Par Xavier Houssin le jeudi 26 mars 2026, 20:43
J’ai reçu la mousseline du volume Peter Pan de la Pléiade. Lanwenn a bien voulu me laisser faire la une du journal avec cette parution qui rassemble l’ensemble des écrits de Barrie sur l’espiègle petit garçon qui refuse de grandir. Je n’en connaissais que la version romanesque, Peter et Wendy, découverte à l’adolescence. L’édition et bien des traductions nouvelles sont de Philippe Forest qui publie en même temps Gais, innocents et sans cœur, histoire intime de sa relation avec le texte. J’ai profité de la voiture pour faire quelques courses à Granville. Le temps fraîchit doucement au soir. Nous avons fait du feu.

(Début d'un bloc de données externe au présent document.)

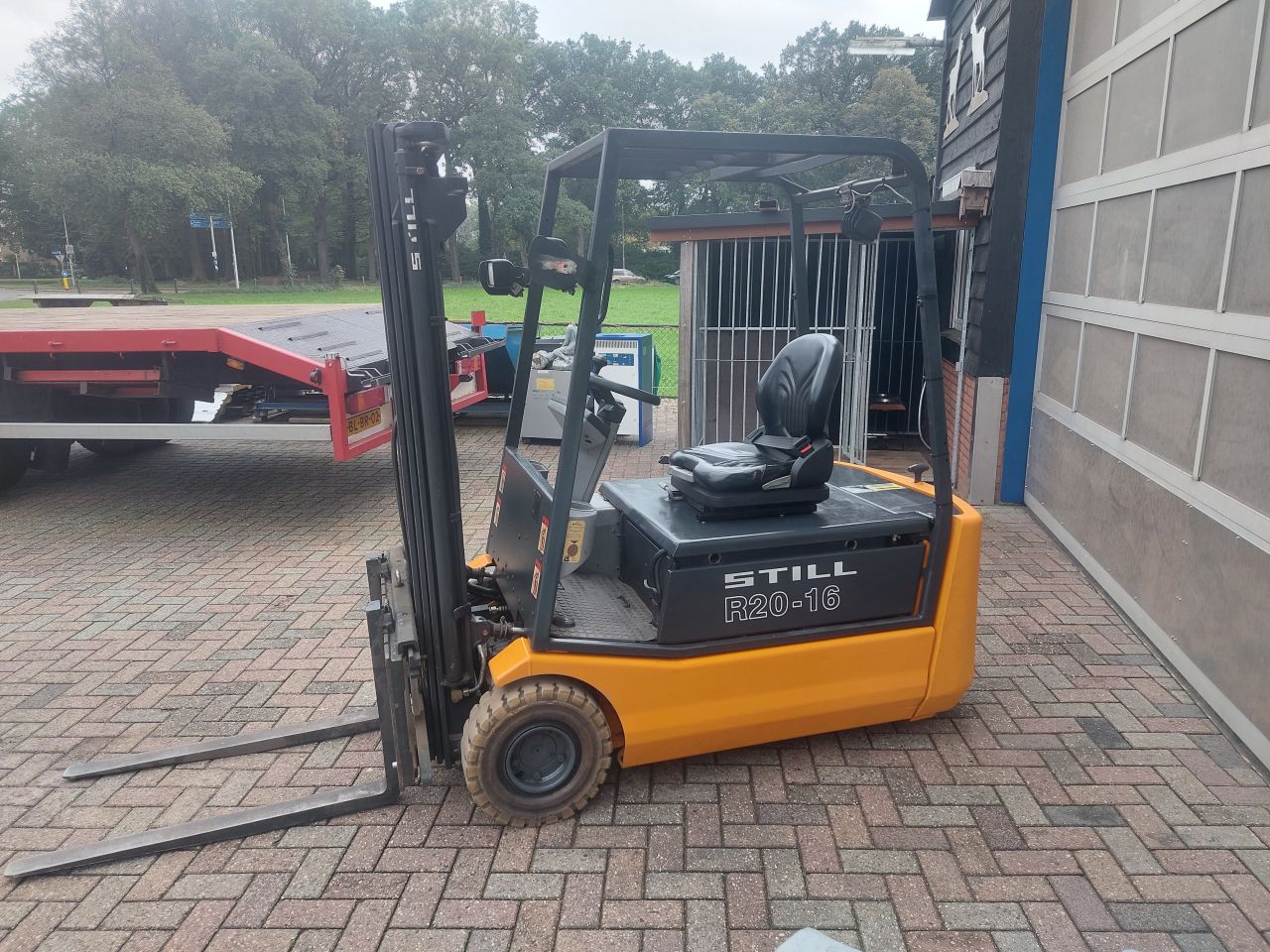 Still R20-16 triplex sideshift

Vendredi 20 mars 2026. 18h00.
Par Xavier Houssin le jeudi 26 mars 2026, 20:42
Je suis allé, à l’ouverture, au garage de Sartilly où se trouve la Punto. Ma pauvre voiture ne vaut pas les frais qu’il faudrait engager pour le réparer. Je leur laisse pour rien (enfin, je ne paie pas la main d’œuvre du diagnostic). Je passerai la semaine prochaine pour les papiers. J’ai été récupérer ce qui traînait dans les vide-poches. Avant de claquer pour de bon la portière, j’ai tapoté le volant. Nous avons pas mal roulé ensemble. Fabien nous l’avait vendue il y quatre ans. Marché à Jullouville. J’ai acheté un bar, deux moussettes, des praires, des saint-jacques, des bigorneaux. Un jarret de porc, du boudin. Un plein panier de légumes. Deux kilos de pommes jaunes acidulées. Je suis rentré à la maison déposer les courses. La chienne m’attendait un peu désespérée. Je ne la fais pas monter dans la petite Honda de Brigitte, elle laisserait ses poils partout sur les sièges. Mais La Harpe n’a pas l’habitude que je la laisse seule. Elle s’inquiète. Tu gardes le jardin ! Alors elle se poste sous la boîte aux lettres, l’air résigné. Je suis arrivé juste à l’heure pour le train d’Amélie. Premier déjeuner sur la terrasse. Il faisait un soleil radieux. C’est aujourd’hui le printemps.